After locating the line with "ELIZABETH BAGUETTE MINI PEBBLE BROWN" below, output it and each following line exactly, stopping after the line with "water molecule 3d". No pictures.

***** Data for analysis *****

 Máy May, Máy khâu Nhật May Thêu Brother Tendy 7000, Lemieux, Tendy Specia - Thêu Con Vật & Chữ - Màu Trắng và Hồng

*****
***** Data for analysis *****

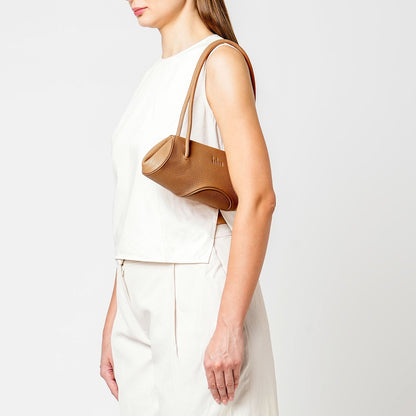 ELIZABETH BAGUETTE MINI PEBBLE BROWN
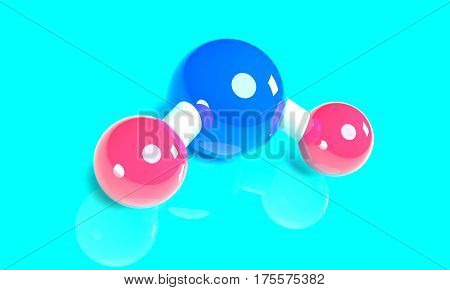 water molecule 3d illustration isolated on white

*****

● **Reply**
 ELIZABETH BAGUETTE MINI PEBBLE BROWN
 water molecule 3d illustration isolated on white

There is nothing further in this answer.